「待望の文庫化」の待ち人について
単行本が文庫になるとき、「待望の文庫化!」という文字が書店ではよく踊っている。
いやあ、実に便利な言葉で、私もよくお世話になった。というか、たいして考えもせず無意識に使っていた。きっと文庫化はみんな待望されているのだと、なんの根拠もなくただぼんやりと思っていた。
「待望の文庫化」は誰が待望しているのか、という問いについては、武田砂鉄も『紋切型社会』の中で触れていたけれど、その「待望」の先にいるのは一体誰なのか。ごはんが炊けるまで暇なので考えてみる。
ちなみにうちの本棚に入っている新明解によると、「待望」の意味はこうだ。
【待望】それが実現(出現)する日を待ちこがれること。
ふふん、なるほど。

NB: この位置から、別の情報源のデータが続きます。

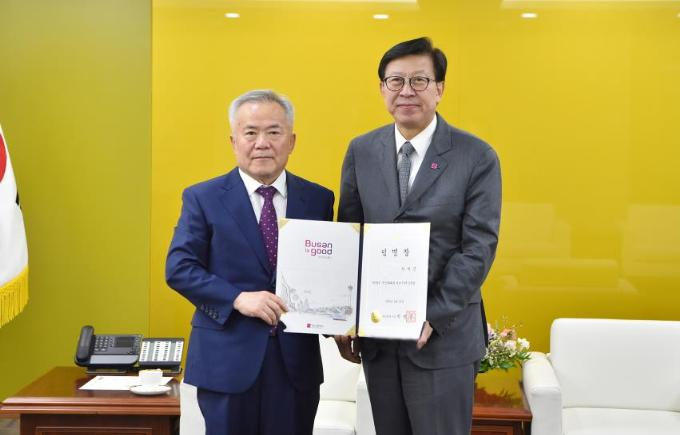 박형준 부산시장(오른쪽)이 지난 18일 차재근 신임 부산문화회관 대표에게 임용장을 수여하고 있다./사진=부산시
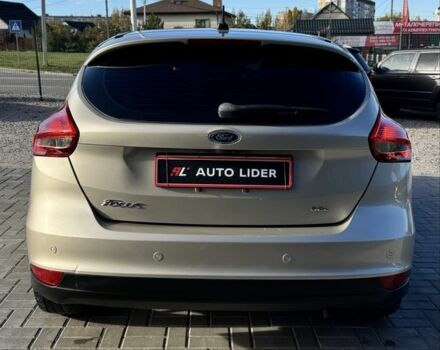 Бежевий Форд Фокус, об'ємом двигуна 2 л та пробігом 114 тис. км за 9600 $, фото 4 на Automoto.ua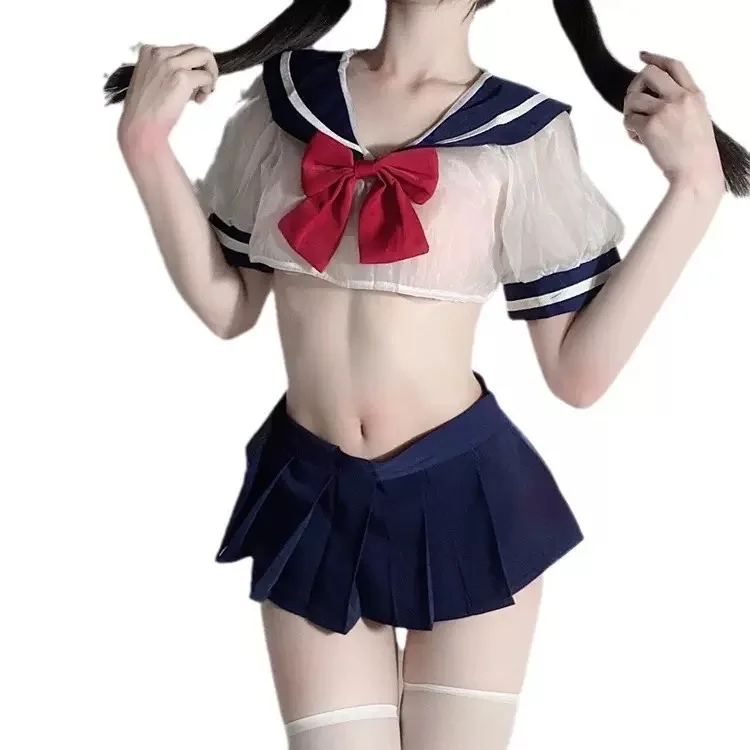 谁还不是个穿水手服的甜辣学妹呢？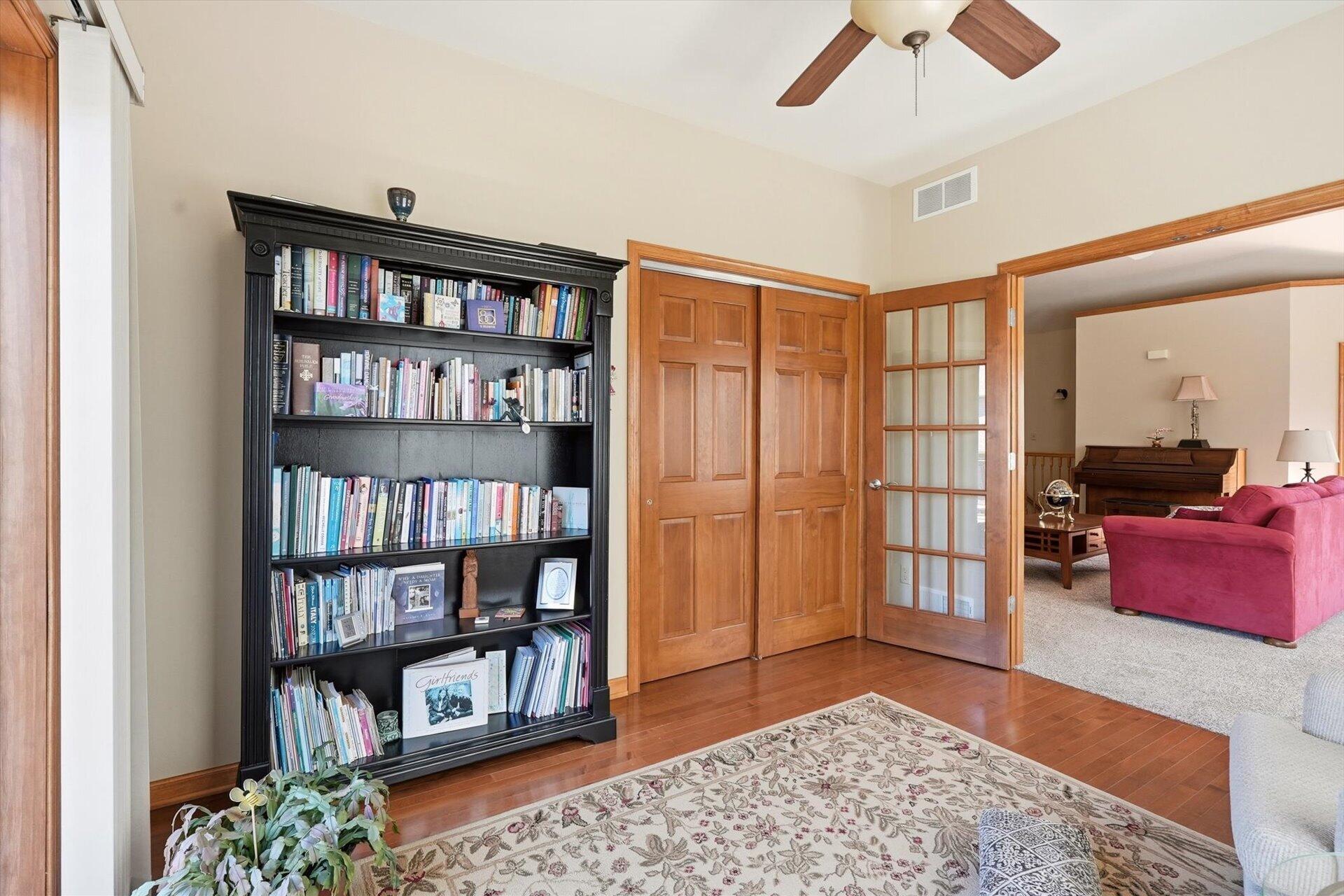 N7789 Maple Ridge Road Oconomowoc, WI 53066 - Photo 5 of 35 05-005_DSC04066
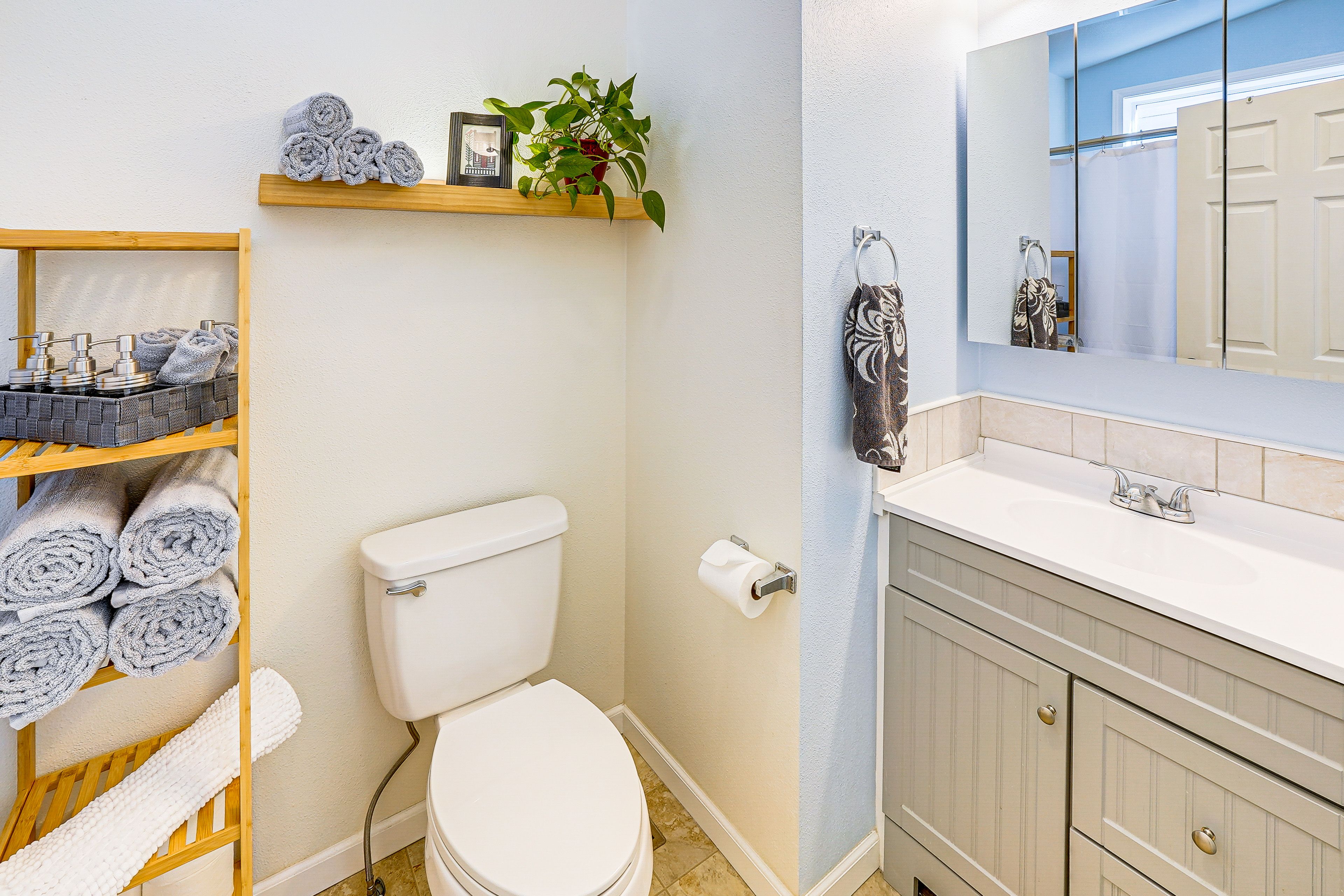 Bathroom | Towels Provided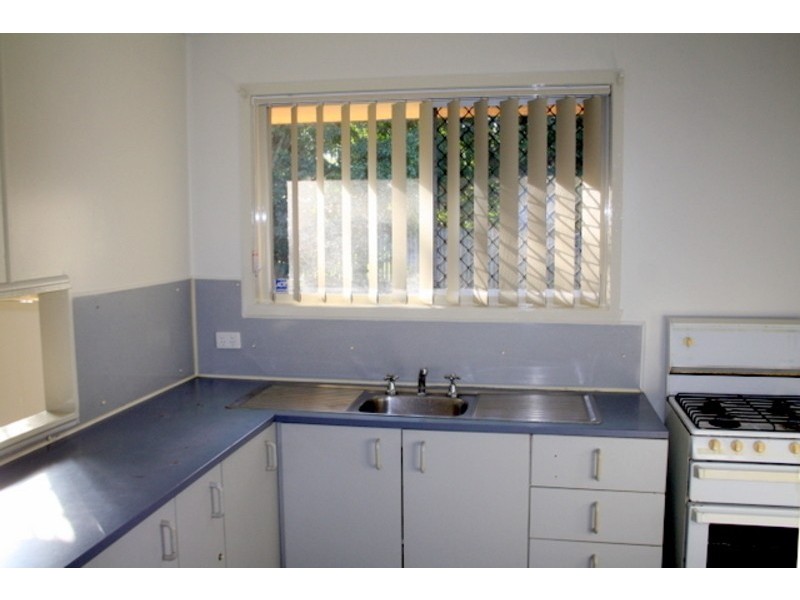 16 Deborah Ct, Slacks Creek QLD 4127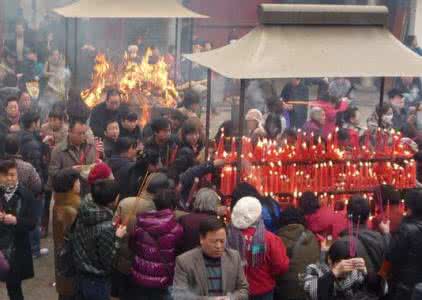 梦见烧香拜佛 梦见烧香 梦见烧香拜佛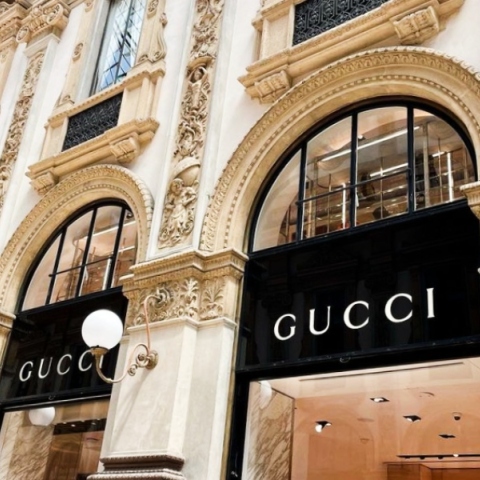 Κινδυνεύει η GUCCI και άλλοι κολοσσοί μόδας με υπέρογκα πρόστιμα;
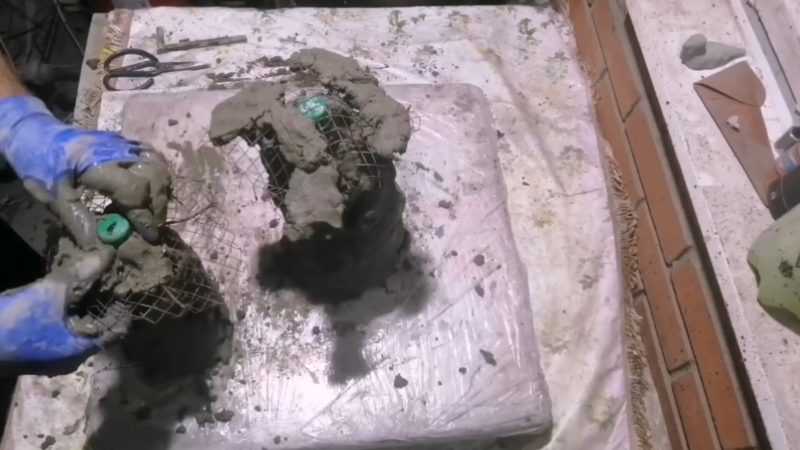 Красивые грибочки для сада из пластиковой бутылки и цемента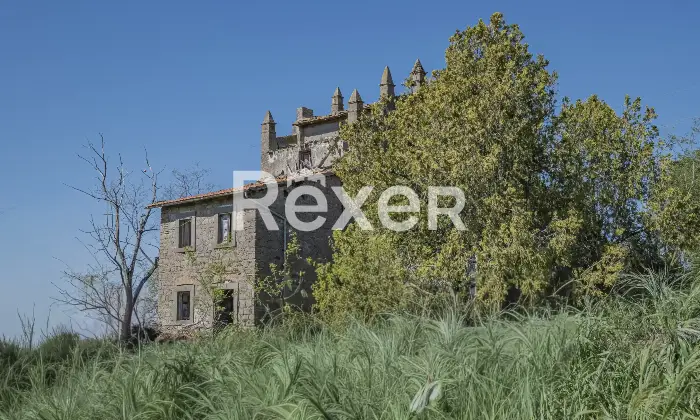 Rexer-Viterbo-Casolare-del-a-pochi-Km-dal-centro-di-Viterbo-con-ampio-terreno-di-propriet-Altro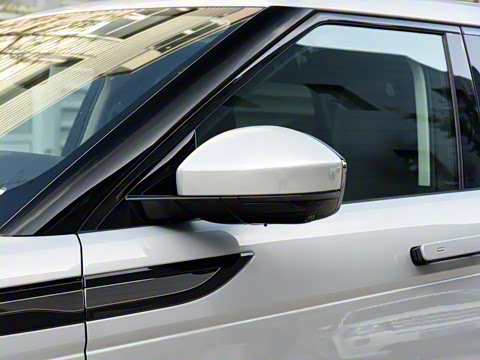 2021�� ����L 249PS R-Dynamic SE ������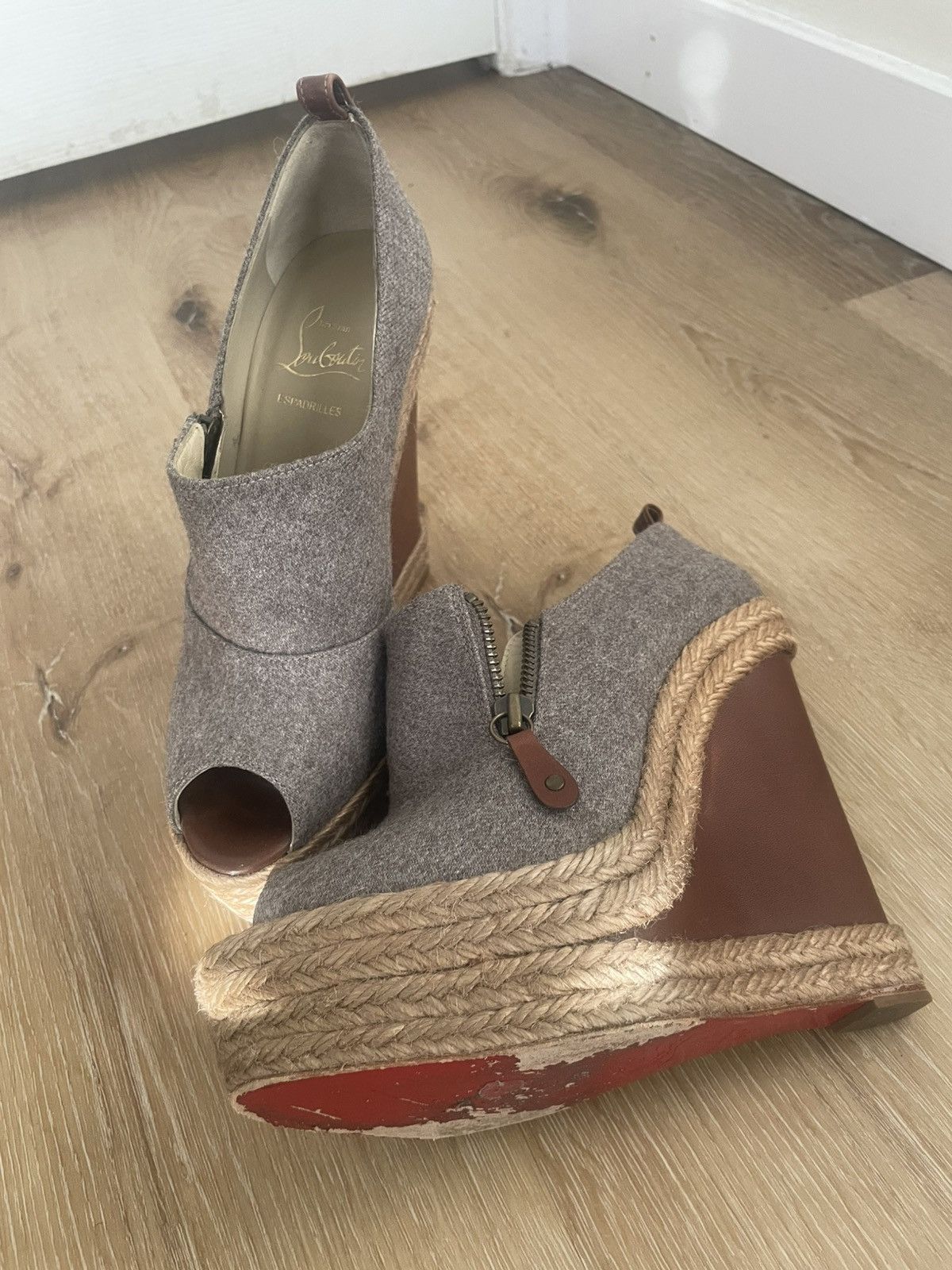 Christian Louboutin Christian Louboutin Wool Pumps Size US 7 / IT 37 - 8 Thumbnail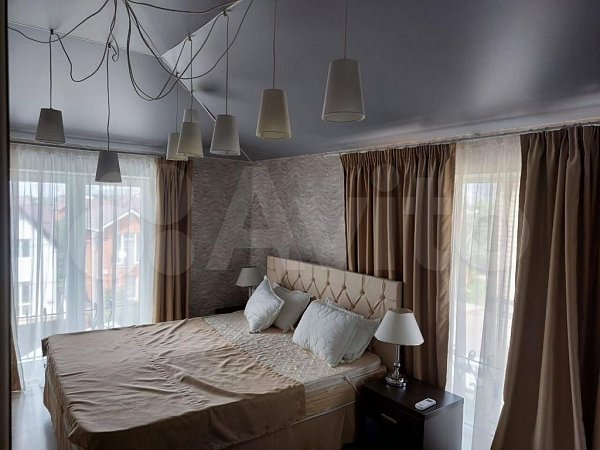 4-комн квартира, 107 м², р-н Российская ул (№126214)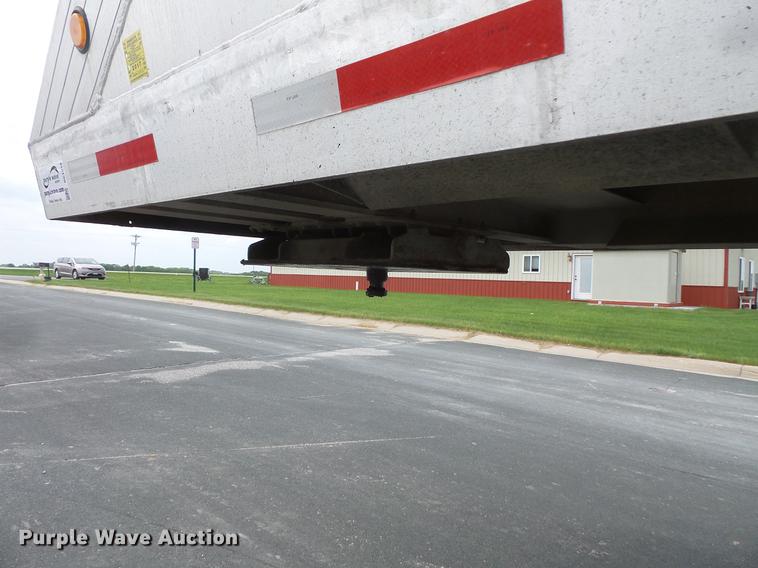 image for item DC1215 2001 Travis AL-30 bottom dump trailer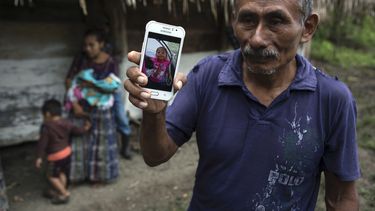 Domingo Caal Chub, de 61 a&ntilde;os, sostiene un tel&eacute;fono en el que muestra una foto de su nieta Jakelin Amei Rosmery Caal Maquin, en Raxruha, Guatemala. La ni&ntilde;a de 7 a&ntilde;os falleci&oacute; en un hospital de Texas, dos d&iacute;as despu&eacute;s de ser detenida por los agentes de la Patrulla Fronteriza de Estados Unidos.&nbsp;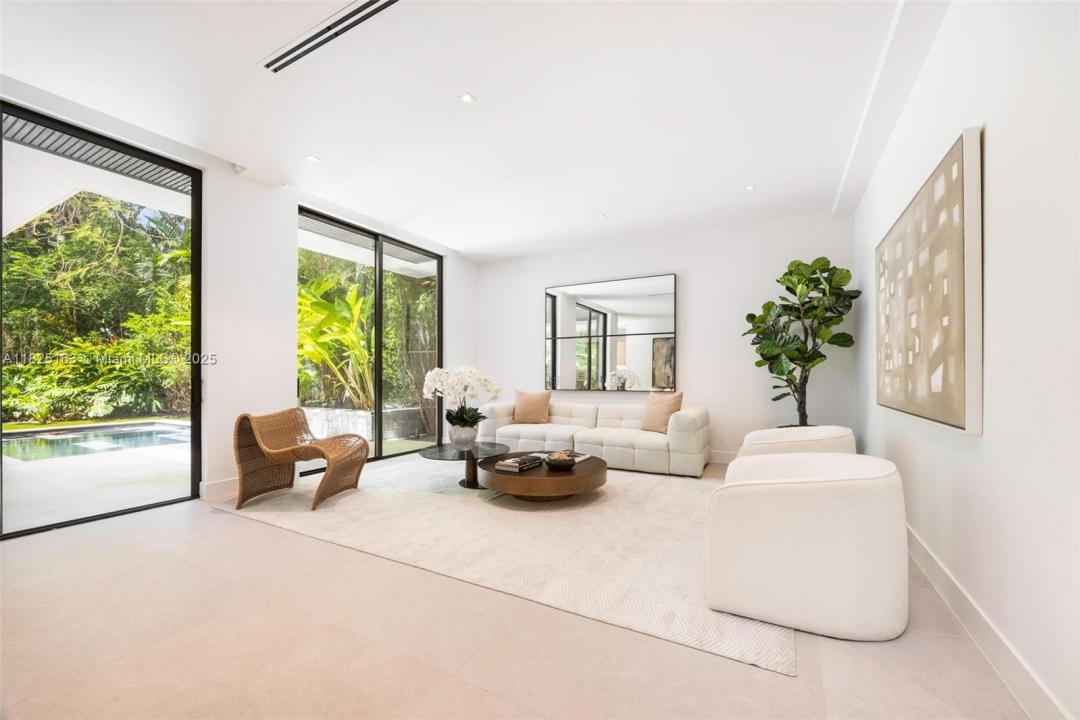3670 Avocado Ave, Miami, Florida 33133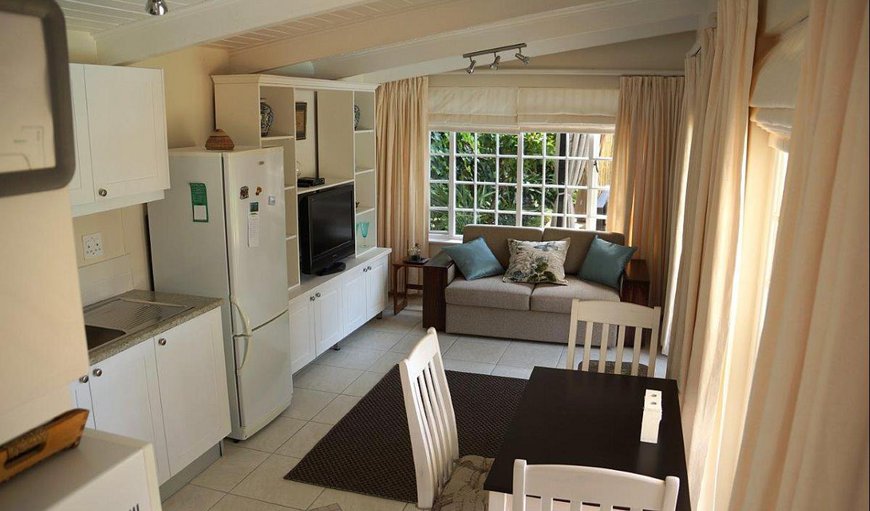 Garden Cottage - King /Twin: Garden Cottage - Open Plan kitchenette with Lounge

まあ、そうだよね、その通り。
じゃあ、文庫化を待ち焦がれているのは誰なのか。
「待望の」とつくのはだいたいが単行本で話題になった本だ。人気作家の小説とか、ベストセラーとかがそう。だからまずはその作家のファン。
単行本も買ったけど、文庫もほしい。だって表紙のデザインも違うし文庫あとがきがあるかもしれないし、なにより解説があるじゃない。誰かなあ解説、楽しみー。ということでコレクター気質のファンは待望しているはず。私も文庫は解説から読んでいたことがあるので、解説目当てで買う気持ちはわかる。
次は単行本では買えなかったけれど、文庫なら買えるよ層。
たしかに単行本は装丁もこだわっているし、文字も大きくて読みやすいし、スペシャル感満載なのだけれど、如何せん値段が…本棚の場所が…持ち歩くには…。とつい小声でうつむきがちになってしまうような弱点もある。その点文庫は各方面のお悩みにニコニコと近寄ってするりと解決してくれる。「さあ、ぼくのかおを食べなよ」で元気百倍じゃないけれど、文庫のお手頃感はある意味無敵。しかも、大体の文庫化が単行本が出てから2~3年サイクルなのに、最近はだんだんとそのサイクルも早くなりつつある。忘れられないうちに、ということなんだろうけれど、おかげで文庫の無敵感はさらにパワーアップ。ちょっと待てば文庫でね派は「待ってました!」となるはずだ。
あとは出版社の人たち。毎月の文庫の出版点数は、大手だとかなりの数になったりするわけだけれども、目玉商品はいくつか必要なわけで。たぶん毎月どれかには「待望の文庫化!」という文句の入った帯が巻かれているはずだ。そうなると、「そろそろかな、そろそろ文庫化してもいいかなー」と狙われている単行本もたくさんあり、企画が通ると「よっしゃあっ!」となるのかもしれない。これは想像だけど。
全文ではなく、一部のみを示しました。